Pascal Saint-Amans partage ces considérations, en indiquant que l'absence des États-Unis ne remet pas en cause la portée de l'accord : « les États-Unis, à la différence de la France, ont un réseau conventionnel robuste et par construction protégé du treaty shopping [et] les États-Unis n'ont pas conclu de convention [fiscale] avec des juridictions très attractives n'ayant pas de fiscalité » 20 ( * ) .


* 12 L'élaboration d'un instrument multilatéral pour modifier les conventions fiscales, OCDE, octobre 2014.

* 13 « OCDE : la mise en oeuvre des mesures conventionnelles issues du projet BEPS par la création d'un instrument multilatéral », Caroline Silberztein et Jean-Baptiste Tritram, Droit fiscal n° 42-43, octobre 2016.

* 14 La distinction tient à ce que la signature est ouverte aux seuls États, mais la République populaire de Chine en a étendu l'application à Hong-Kong, avec l'accord de toutes les autres parties.

* 15 Voir le communiqué de presse de l'OCDE à l'occasion de la cérémonie de signature de la convention multilatérale le 7 juin 2017.

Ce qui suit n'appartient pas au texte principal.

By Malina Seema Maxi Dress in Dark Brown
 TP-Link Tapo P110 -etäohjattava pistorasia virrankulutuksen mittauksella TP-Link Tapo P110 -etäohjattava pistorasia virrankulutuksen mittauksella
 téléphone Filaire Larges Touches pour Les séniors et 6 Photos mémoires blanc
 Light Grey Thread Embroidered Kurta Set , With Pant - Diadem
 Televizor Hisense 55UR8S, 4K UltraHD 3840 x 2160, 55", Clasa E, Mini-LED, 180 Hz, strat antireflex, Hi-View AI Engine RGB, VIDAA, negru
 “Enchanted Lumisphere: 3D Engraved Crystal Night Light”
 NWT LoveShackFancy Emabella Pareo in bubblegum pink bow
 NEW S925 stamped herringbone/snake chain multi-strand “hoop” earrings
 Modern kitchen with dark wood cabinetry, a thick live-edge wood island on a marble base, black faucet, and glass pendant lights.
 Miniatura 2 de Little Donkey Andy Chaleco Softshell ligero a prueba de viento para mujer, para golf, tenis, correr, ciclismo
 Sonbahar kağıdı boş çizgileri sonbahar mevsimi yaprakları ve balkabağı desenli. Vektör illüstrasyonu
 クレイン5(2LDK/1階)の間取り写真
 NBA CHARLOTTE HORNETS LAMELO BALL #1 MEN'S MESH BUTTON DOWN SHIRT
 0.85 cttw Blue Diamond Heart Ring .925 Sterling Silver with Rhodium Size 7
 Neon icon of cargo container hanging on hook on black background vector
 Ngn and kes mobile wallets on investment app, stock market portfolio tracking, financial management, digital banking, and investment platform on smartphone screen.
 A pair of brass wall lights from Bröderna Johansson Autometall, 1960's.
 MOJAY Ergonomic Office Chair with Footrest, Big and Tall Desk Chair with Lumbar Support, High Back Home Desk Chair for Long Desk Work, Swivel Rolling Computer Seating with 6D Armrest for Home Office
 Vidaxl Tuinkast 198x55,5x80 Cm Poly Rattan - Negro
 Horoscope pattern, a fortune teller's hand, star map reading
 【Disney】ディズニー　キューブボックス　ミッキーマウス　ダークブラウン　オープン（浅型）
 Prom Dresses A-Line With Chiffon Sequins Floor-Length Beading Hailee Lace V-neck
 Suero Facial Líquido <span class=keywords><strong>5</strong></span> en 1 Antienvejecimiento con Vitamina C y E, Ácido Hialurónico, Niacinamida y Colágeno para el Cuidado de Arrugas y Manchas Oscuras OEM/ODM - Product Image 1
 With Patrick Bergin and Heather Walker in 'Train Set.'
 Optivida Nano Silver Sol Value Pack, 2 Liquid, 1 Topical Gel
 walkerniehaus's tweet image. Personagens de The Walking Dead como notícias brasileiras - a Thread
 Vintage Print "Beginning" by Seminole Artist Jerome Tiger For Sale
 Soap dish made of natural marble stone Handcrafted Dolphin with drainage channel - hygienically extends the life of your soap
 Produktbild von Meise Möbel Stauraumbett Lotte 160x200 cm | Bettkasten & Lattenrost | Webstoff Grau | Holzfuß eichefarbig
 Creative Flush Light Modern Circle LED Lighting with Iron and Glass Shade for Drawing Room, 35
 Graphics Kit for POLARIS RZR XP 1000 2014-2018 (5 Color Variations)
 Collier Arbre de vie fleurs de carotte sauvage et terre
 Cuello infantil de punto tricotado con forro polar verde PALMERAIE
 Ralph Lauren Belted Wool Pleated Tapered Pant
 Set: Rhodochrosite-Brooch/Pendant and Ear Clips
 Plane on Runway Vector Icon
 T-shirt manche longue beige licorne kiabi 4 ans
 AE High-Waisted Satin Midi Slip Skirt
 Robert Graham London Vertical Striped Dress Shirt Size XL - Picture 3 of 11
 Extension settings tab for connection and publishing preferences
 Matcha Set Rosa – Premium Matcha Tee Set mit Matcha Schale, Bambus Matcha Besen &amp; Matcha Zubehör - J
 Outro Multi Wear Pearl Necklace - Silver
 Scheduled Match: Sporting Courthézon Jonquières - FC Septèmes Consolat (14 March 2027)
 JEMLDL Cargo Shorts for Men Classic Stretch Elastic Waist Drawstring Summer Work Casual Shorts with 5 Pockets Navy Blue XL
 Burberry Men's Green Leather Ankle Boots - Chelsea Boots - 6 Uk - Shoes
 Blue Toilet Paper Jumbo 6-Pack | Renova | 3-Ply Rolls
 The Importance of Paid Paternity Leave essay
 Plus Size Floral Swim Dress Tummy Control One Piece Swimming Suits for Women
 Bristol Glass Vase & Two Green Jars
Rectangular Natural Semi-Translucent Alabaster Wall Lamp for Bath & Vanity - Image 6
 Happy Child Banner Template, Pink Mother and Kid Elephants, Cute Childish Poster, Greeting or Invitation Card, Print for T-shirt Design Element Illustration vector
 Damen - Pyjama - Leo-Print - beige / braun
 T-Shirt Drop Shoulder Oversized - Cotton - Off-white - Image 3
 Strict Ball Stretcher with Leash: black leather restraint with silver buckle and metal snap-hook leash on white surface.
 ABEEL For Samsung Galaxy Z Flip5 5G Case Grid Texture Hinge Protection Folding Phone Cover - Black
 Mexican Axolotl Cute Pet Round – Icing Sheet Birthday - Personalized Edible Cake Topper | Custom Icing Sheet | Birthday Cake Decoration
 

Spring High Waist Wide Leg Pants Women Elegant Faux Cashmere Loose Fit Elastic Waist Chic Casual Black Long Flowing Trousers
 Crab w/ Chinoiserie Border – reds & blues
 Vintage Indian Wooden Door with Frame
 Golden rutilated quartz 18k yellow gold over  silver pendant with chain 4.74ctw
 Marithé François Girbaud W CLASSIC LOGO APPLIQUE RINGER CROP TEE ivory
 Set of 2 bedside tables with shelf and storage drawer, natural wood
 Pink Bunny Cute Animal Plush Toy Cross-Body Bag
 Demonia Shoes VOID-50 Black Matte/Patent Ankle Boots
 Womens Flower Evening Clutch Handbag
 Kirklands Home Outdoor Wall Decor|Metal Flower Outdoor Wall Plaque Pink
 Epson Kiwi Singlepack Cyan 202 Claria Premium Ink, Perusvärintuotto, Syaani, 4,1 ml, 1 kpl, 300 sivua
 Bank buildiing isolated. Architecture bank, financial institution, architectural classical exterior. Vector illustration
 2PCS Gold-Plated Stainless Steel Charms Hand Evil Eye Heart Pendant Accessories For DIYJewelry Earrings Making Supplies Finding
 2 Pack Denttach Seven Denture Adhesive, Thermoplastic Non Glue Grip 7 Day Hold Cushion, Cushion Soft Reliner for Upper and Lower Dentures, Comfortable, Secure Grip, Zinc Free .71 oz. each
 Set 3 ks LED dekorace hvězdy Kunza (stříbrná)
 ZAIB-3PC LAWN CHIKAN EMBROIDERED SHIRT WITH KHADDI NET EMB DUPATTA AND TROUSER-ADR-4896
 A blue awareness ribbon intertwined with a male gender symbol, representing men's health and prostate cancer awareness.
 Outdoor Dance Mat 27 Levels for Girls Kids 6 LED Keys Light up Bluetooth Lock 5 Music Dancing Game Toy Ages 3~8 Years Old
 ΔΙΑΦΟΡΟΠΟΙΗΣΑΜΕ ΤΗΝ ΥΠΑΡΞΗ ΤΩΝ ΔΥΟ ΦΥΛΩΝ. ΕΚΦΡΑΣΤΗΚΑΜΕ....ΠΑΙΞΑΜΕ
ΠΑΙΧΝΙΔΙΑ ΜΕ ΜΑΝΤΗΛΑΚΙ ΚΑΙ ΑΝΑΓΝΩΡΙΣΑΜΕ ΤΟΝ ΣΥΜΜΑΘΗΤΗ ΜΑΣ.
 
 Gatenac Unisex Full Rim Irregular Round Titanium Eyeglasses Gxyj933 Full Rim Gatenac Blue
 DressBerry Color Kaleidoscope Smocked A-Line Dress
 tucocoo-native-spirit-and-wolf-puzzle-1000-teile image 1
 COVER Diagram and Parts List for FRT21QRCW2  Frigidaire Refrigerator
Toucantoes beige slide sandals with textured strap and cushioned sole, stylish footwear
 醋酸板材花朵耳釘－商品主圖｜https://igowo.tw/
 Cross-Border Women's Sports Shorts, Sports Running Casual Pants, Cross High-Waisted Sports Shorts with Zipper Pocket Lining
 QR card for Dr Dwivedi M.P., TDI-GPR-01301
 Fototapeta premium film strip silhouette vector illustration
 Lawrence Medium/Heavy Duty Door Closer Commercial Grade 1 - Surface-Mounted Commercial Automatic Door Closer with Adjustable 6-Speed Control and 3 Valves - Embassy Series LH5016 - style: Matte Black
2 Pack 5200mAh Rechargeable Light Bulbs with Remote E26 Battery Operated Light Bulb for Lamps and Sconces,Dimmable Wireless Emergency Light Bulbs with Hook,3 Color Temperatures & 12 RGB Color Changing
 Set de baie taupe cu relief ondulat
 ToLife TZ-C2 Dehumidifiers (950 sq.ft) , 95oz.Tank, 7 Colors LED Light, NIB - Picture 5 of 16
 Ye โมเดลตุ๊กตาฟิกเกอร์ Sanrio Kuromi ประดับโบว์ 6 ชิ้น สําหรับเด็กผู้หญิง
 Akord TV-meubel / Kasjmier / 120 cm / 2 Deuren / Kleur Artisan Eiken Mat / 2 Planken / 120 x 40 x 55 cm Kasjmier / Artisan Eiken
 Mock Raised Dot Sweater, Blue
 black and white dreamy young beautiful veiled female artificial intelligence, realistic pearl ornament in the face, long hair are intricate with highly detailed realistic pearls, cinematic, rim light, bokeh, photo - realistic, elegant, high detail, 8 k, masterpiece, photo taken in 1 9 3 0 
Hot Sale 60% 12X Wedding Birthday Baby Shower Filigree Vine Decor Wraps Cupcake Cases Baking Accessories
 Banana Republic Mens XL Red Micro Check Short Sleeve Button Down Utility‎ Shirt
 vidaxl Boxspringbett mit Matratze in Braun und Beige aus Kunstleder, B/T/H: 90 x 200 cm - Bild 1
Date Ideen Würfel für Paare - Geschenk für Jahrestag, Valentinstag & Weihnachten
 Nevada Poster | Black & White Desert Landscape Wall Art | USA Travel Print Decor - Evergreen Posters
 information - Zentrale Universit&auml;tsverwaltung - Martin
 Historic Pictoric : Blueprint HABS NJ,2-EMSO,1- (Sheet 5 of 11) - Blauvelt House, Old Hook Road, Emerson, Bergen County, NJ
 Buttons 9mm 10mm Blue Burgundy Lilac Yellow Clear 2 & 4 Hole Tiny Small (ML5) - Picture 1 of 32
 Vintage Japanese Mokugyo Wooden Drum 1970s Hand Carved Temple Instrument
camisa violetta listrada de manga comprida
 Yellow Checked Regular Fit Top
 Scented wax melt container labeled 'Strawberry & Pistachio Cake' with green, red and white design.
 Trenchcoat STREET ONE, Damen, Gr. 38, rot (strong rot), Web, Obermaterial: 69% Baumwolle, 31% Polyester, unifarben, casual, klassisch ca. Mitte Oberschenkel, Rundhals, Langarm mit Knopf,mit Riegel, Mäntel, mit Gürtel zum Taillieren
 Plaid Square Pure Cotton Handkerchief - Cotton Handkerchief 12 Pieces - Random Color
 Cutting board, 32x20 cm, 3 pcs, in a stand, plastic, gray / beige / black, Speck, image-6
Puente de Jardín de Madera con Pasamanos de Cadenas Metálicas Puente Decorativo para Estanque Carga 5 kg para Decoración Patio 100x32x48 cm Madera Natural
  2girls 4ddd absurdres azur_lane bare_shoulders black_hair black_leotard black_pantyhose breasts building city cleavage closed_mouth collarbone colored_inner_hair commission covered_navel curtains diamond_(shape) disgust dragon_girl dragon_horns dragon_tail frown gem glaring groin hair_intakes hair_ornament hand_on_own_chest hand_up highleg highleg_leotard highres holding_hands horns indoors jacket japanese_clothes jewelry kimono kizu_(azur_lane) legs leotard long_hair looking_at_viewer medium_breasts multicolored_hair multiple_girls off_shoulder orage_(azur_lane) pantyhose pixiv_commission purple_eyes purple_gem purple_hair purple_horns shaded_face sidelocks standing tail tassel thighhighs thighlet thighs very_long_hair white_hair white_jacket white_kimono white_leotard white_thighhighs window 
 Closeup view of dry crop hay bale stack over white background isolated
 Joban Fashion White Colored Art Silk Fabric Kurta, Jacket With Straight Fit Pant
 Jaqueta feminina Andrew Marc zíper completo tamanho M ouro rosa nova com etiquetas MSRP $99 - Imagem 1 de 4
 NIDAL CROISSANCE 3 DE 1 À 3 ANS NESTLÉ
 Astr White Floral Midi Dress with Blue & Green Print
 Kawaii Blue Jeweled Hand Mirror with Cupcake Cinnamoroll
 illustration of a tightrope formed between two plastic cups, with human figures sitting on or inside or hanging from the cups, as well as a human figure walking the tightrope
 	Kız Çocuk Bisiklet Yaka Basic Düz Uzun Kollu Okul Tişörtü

* 16 À savoir l'Afrique du Sud, l'Allemagne, Andorre, l'Argentine, l'Arménie, l'Australie, l'Autriche, la Barbade, la Belgique, la Bulgarie, le Burkina Faso, le Cameroun, le Canada, le Chili, la République populaire de Chine, Chypre, la Colombie, la Corée du Sud, le Costa Rica, la Côte d'Ivoire, la Croatie, le Curaçao, le Danemark, l'Égypte, l'Espagne, les Fidji, la Finlande, la France, le Gabon, la Géorgie, la Grèce, Guernesey, Hong-Kong, la Hongrie, l'Île de Man, l'Inde, l'Indonésie, l'Irlande, l'Islande, Israël, l'Italie, la Jamaïque, le Japon, Jersey, le Koweït, la Lettonie, le Liechtenstein, la Lituanie, le Luxembourg, la Malaisie, Malte, Maurice, le Mexique, Monaco, le Nigeria, la Norvège, la Nouvelle-Zélande, le Pakistan, Panama, les Pays-Bas, la Pologne, le Portugal, la République slovaque, la République tchèque, la Roumanie, le Royaume-Uni, la Russie, Saint-Marin, le Sénégal, la Serbie, les Seychelles, Singapour, la Slovénie, la Suède, la Suisse, la Tunisie, la Turquie et l'Uruguay.

* 17 À savoir l'Autriche, l'Île de Man, Jersey, la Pologne et la Slovénie.

* 18 L'Estonie a toutefois fait part de son intention de signer la convention multilatérale.

* 19 « La convention multilatérale de l'OCDE : vous ne lirez plus les conventions fiscales comme avant ! », Carole Silberztein, Benoît Granel et Jean-Baptiste Tristram, Droit fiscal n° 39, septembre 2017.

* 20 Voir le compte-rendu de l'audition de Pascal Saint-Amans devant la commission des finances du Sénat, 28 juin 2018.